Mas também há ceticismo de que mais um massacre mudará substancialmente o debate sobre armas no país, que é profundamente político. Curbelo é um dos autores de um projeto de lei que proibiria os bump stocks, dispositivos que fazem um rifle semiautomático se comportar como uma arma totalmente automática, disparando tiros mais rapidamente. Eles foram usados em outubro por Stephen Paddock, no atentado que matou 58 pessoas e feriu mais de 500 em um show de música country em Las Vegas.
Uma coalizão bipartidária no Congresso e a NRA quase imediatamente afirmaram que os dispositivos devem estar sujeitos a regulamentos adicionais. Legisladores republicanos passaram a bola para o Departamento de Álcool, Tabaco, Armas de Fogo e Explosivos, que afirmou não poder regulamentar bump stocks, a menos que o Congresso altere a lei - a questão está sob revisão administrativa. Foram propostos projetos de lei no Senado e na Câmara para proibir completamente os bump stocks, mas nenhum foi aprovado. A NRA se opõe às medidas.
“Sempre há uma chance de o Congresso fazer algo", disse Lloyd. "Mas eles já provaram uma e outra vez que não irão agir".
Mesmo que o Congresso atue, muitos acreditam que uma ação efetiva só será tomada em nível estadual. Pelo menos 15 estados estão considerando leis que proíbem os bump stocks. Massachusetts e New Jersey os proibiram após o tiroteio de Las Vegas, e na Califórnia eles já eram ilegais.
Existe agora a esperança de que leis que garantam medidas preventivas para restringir a violência armada, também conhecidas como mandados de proteção de extremo risco, ganhem impulso nos legislativos estaduais.
"É uma lei que permite o devido processo e dá às famílias e à polícia ferramentas para que seja possível eliminar as armas de uma tragédia antes que uma tragédia ocorra", disse Andrew Patrick, porta-voz do grupo Coalition to Stop Gun Violence.
Patrick disse que é "um enorme avanço" o fato de Rubio apoiar estas leis e de haver um artigo na revista National Review pedindo que os republicanos apoiassem as medidas propostas.
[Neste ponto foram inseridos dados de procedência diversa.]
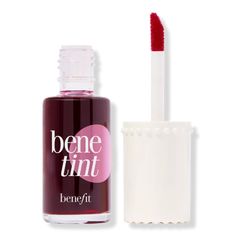 Liquid Lip Blush & Cheek Tint - Benefit Cosmetics | Ulta Beauty Bene Tint, Benefit Benetint, Mini Mascara, Blush On Cheeks, Cheek Stain, Makeup Needs, Makeup Items, Benefit Cosmetics, Lip Stain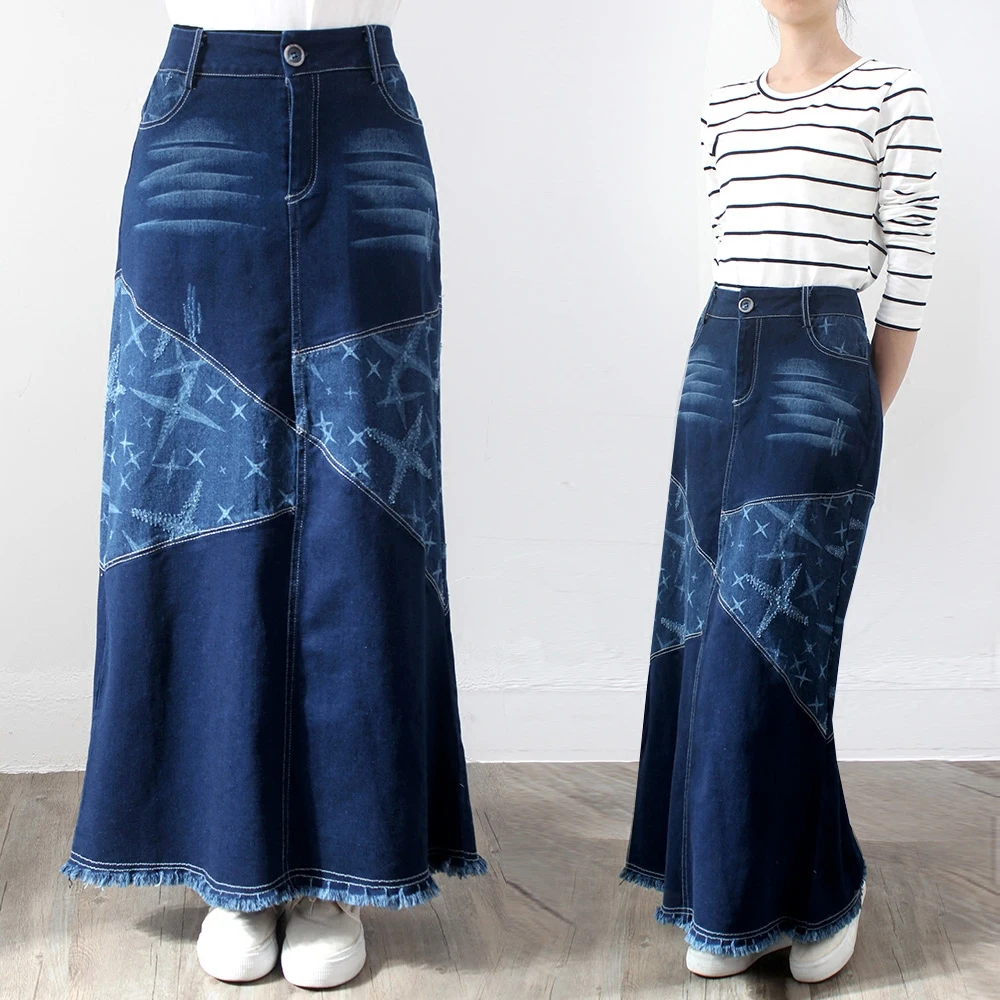 Free Shipping 2017 New Fashion Long Maxi Denim Jeans Skirts For Women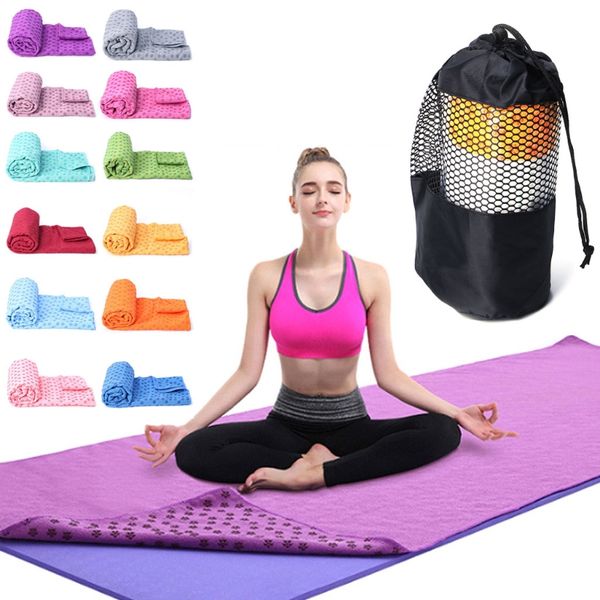 Serviette de Yoga Sport Fitness Exercice Voyage Couverture Tapis de yoga Couverture Antidérapant Pilates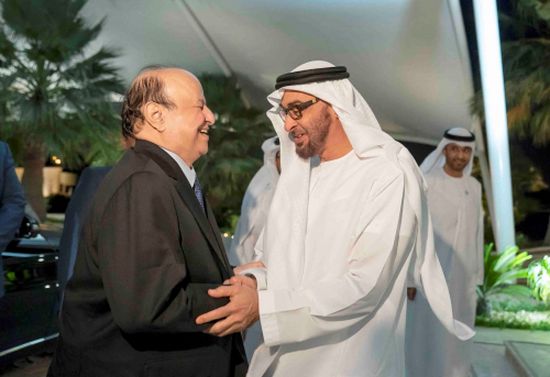 الشيخ محمد بن زايد يلتقي الرئيس هادي في أبو ظبي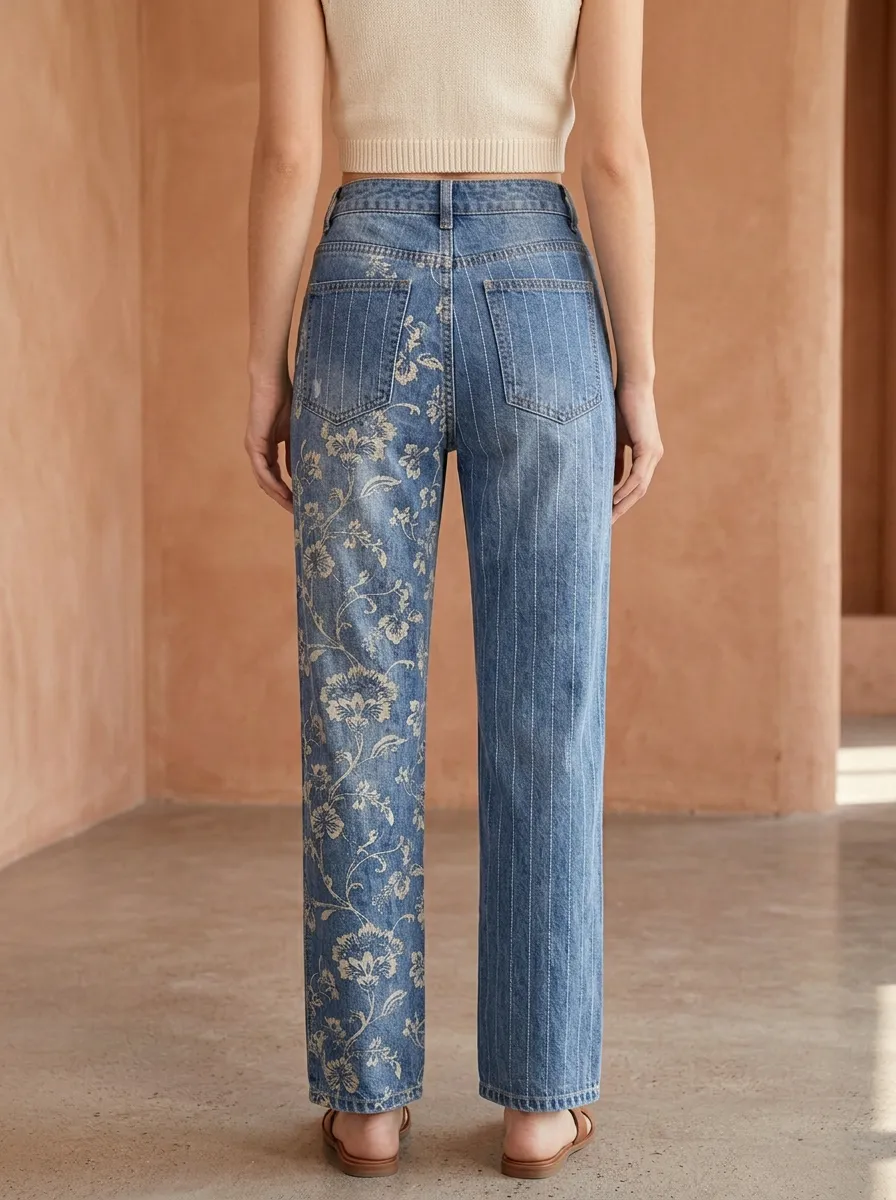 Women's Floral Pinstripe Mixed Pattern Printed Jeans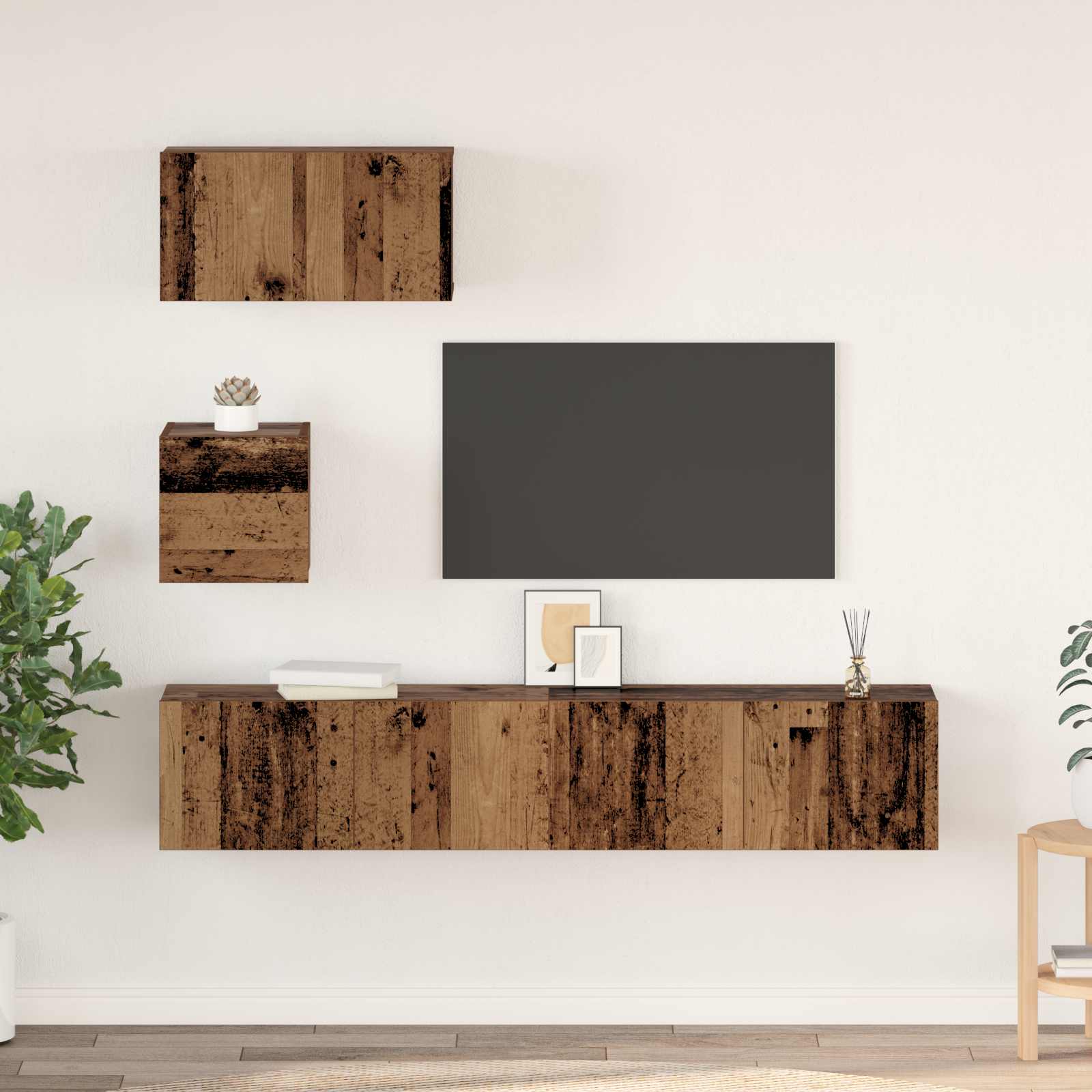 Set mobile TV 3 pcs Legno vecchio Legno multistrato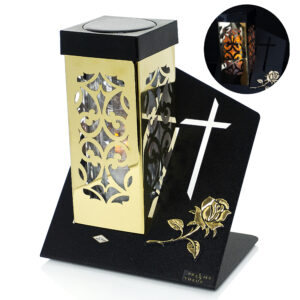 Znicz solarny PARIS D SOLAR SKOS KWADRAT RÓŻA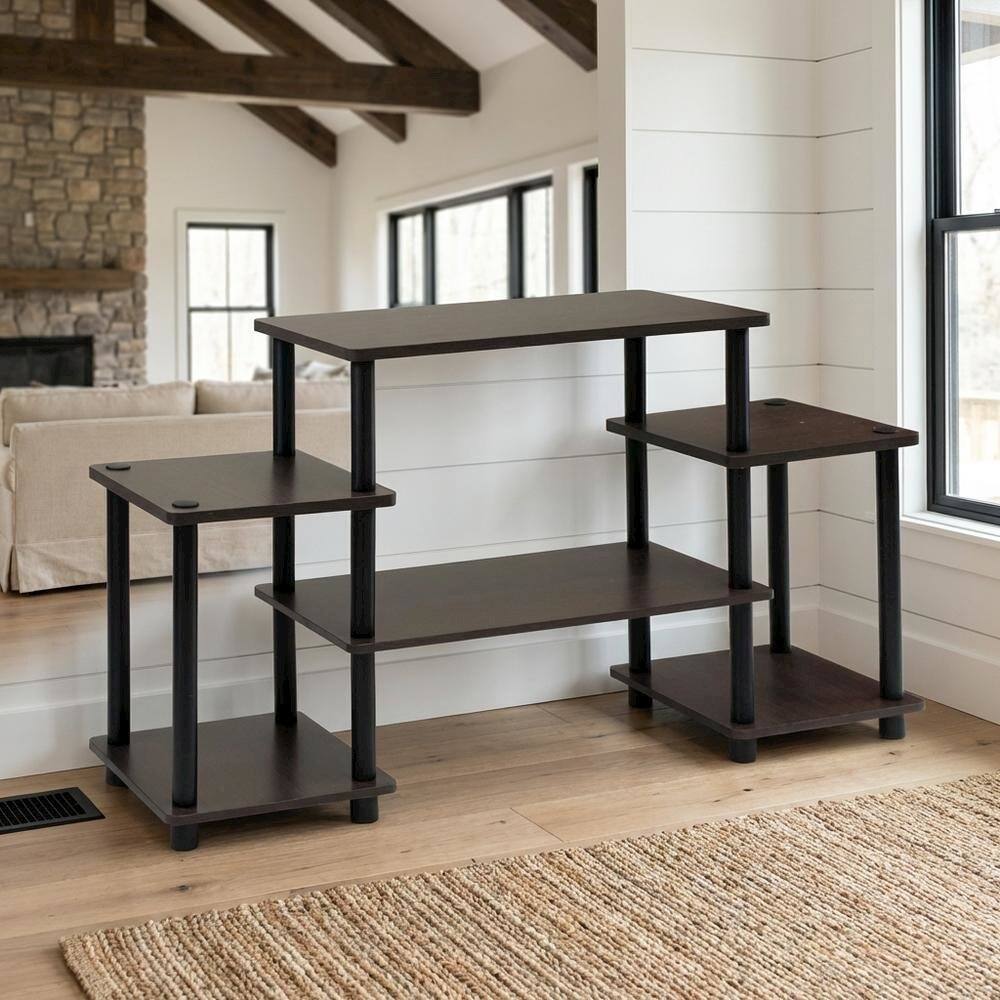Alt View 4. FurniFact - Dark Brown/Black No Tools Entertainment Center with Modern Design - Dark Brown/Black.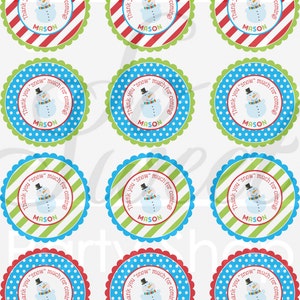 Snowman Birthday Favor Sticker Labels Winter Onederland Birthday Party Decorations Christmas Party Stickers Set of 24 image 2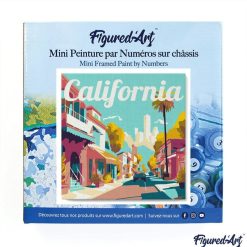 Figuredart Mini Peinture Par Numros 20X20Cm Avec Cadre Rue En Californie | Paysages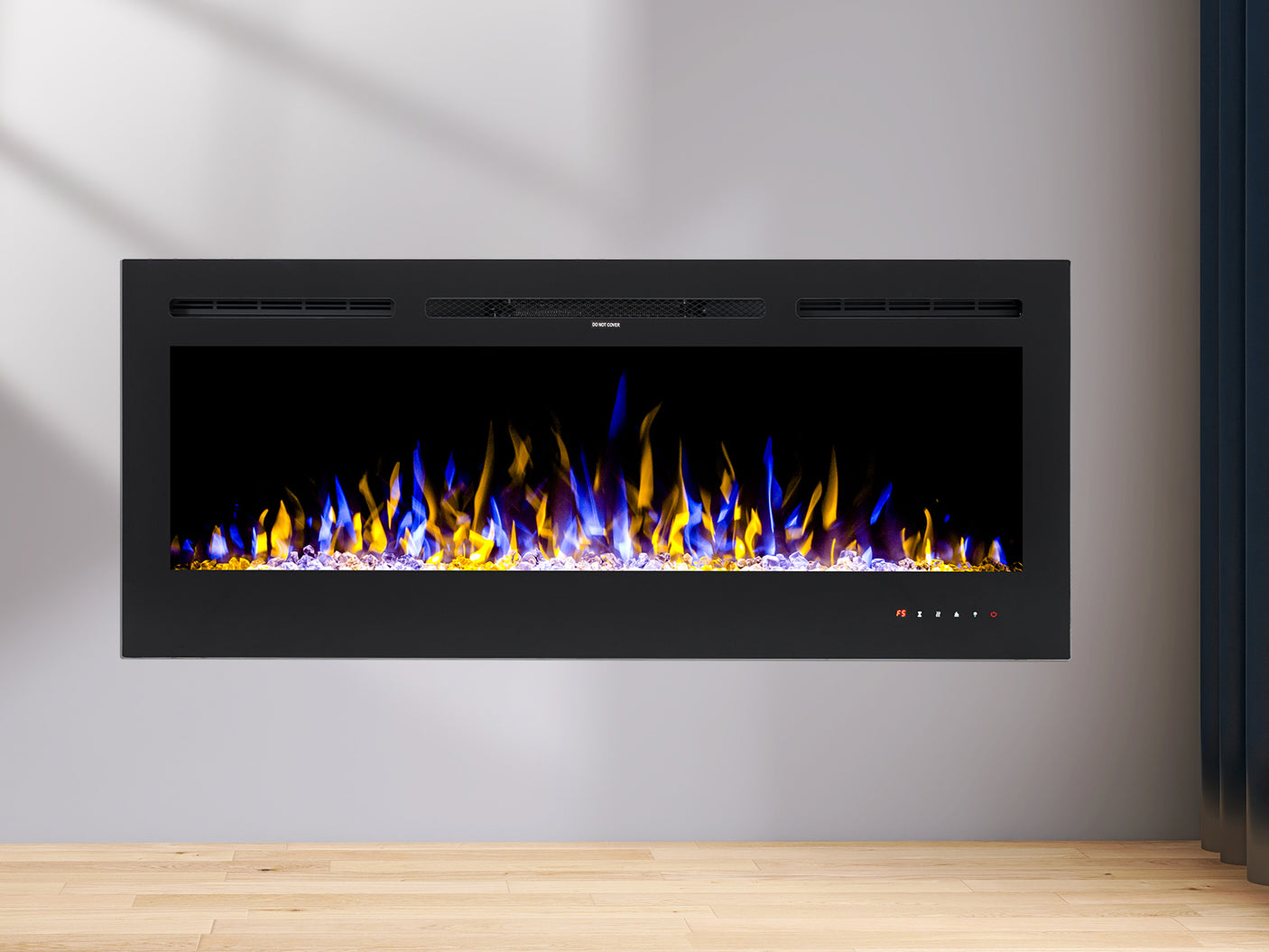 Electric Fireplace 50”Wall Mounted /Recessed Electric Fireplace Crystals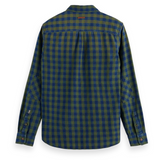 Indigo Check Beaded Field Green L/S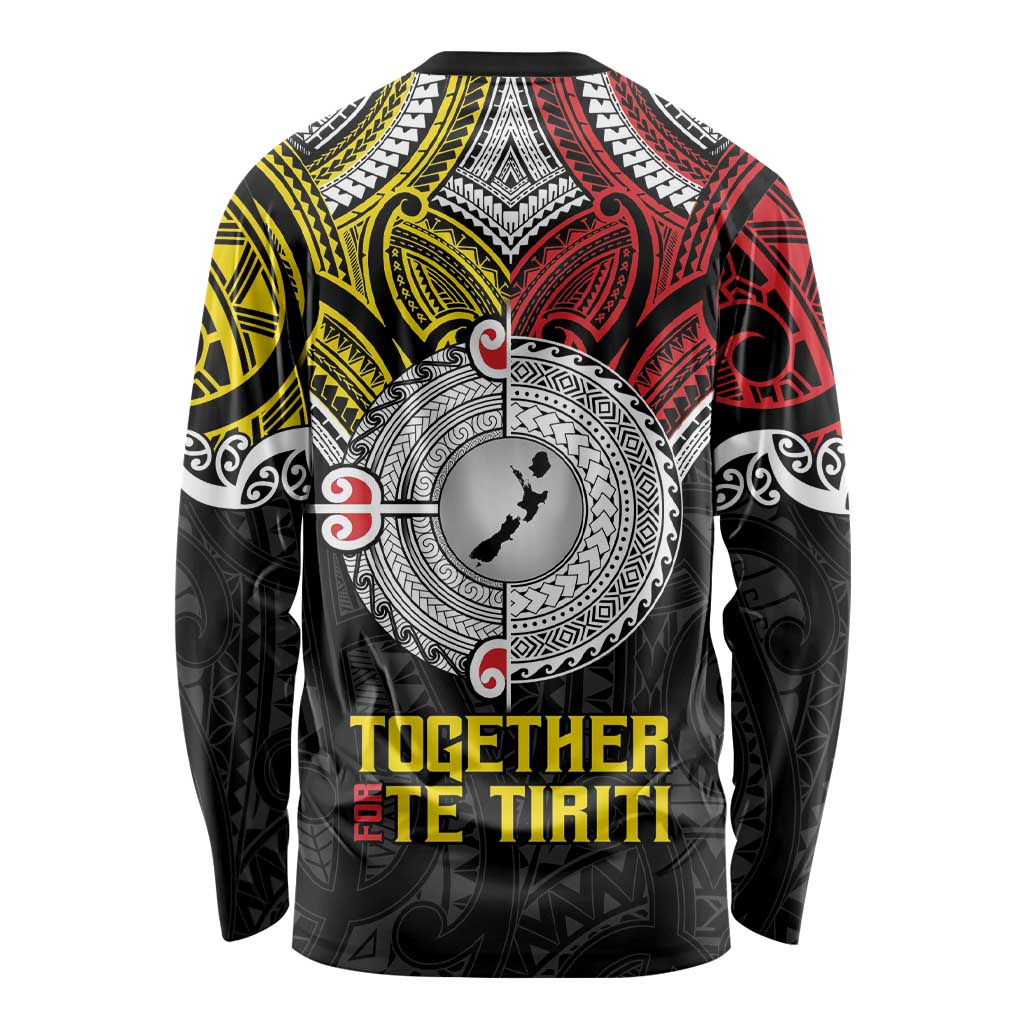 Aotearoa and Niue Mo Te Tiriti Long Sleeve Shirt New Zealand Honour The Treaty Ake!Ake!Ake! LT9 - Polynesian Pride
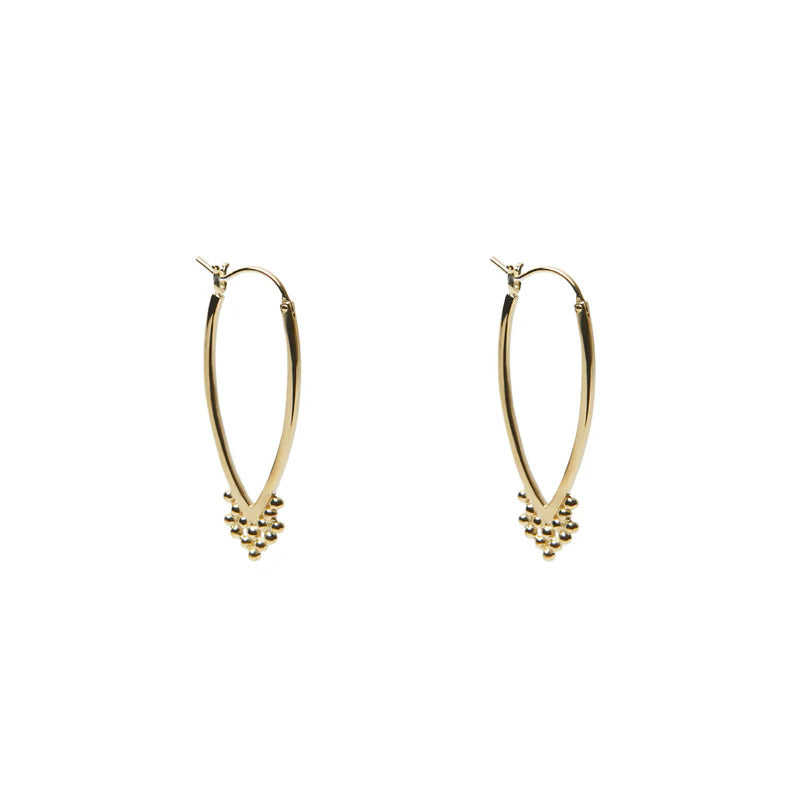 ARGENTO VIVO THE BAILEY LONG OVAL BEADED HOOP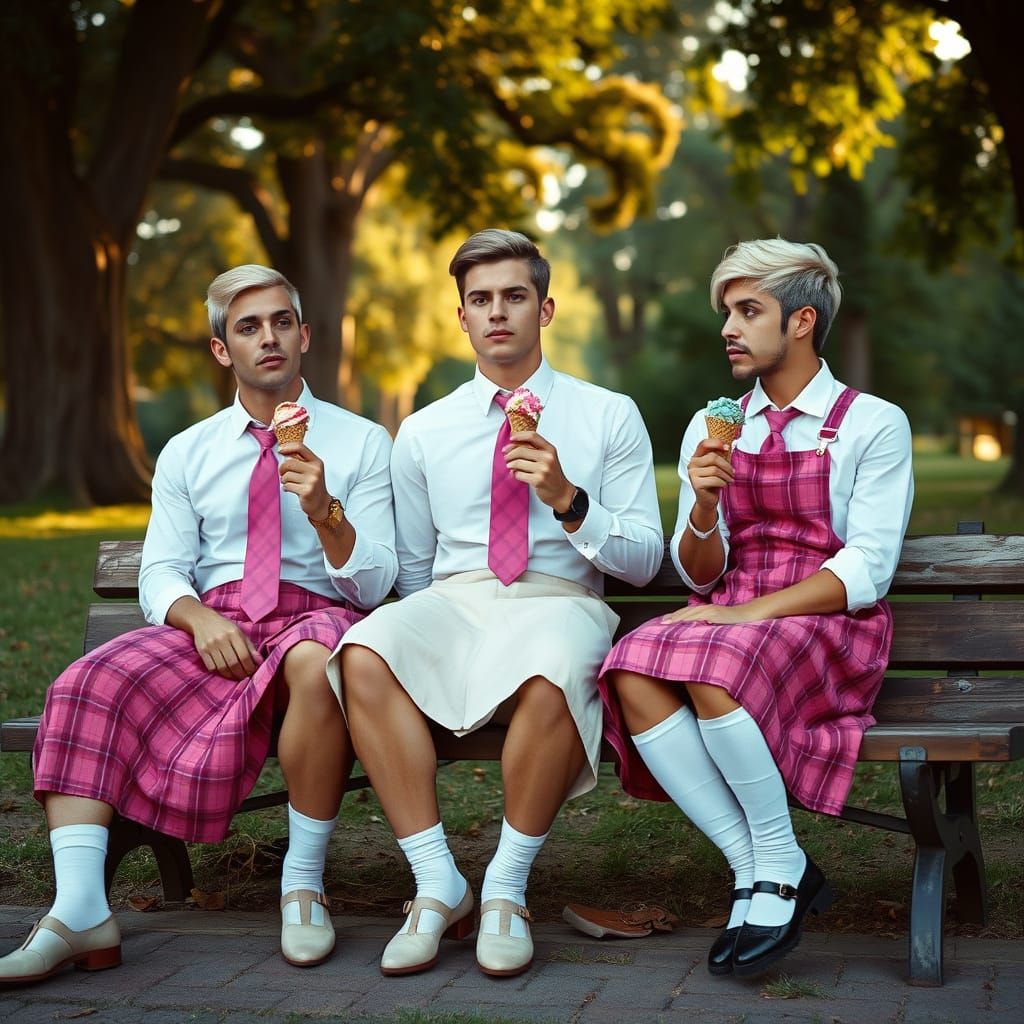 Masculine Latinas Savor Ice Cream in Whimsical Park Scene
O governador do Ohio, John Kasich (Republicano), disse em uma entrevista à CNN que gostaria de ver algo semelhante às leis de ordem preventiva - mas sem apoiá-las especificamente - e que agora é hora para Trump e o Congresso aprovarem medidas de "senso comum", como aumentar o rigor das verificações de antecedentes.
"Esta é uma oportunidade", disse Kasich. "E acredito que aqueles que são defensores da Segunda Emenda percebem que reformas reais de senso comum podem acontecer neste país para responder aos gritos e à angústia de pessoas em todo o país que perderam as pessoas que amavam".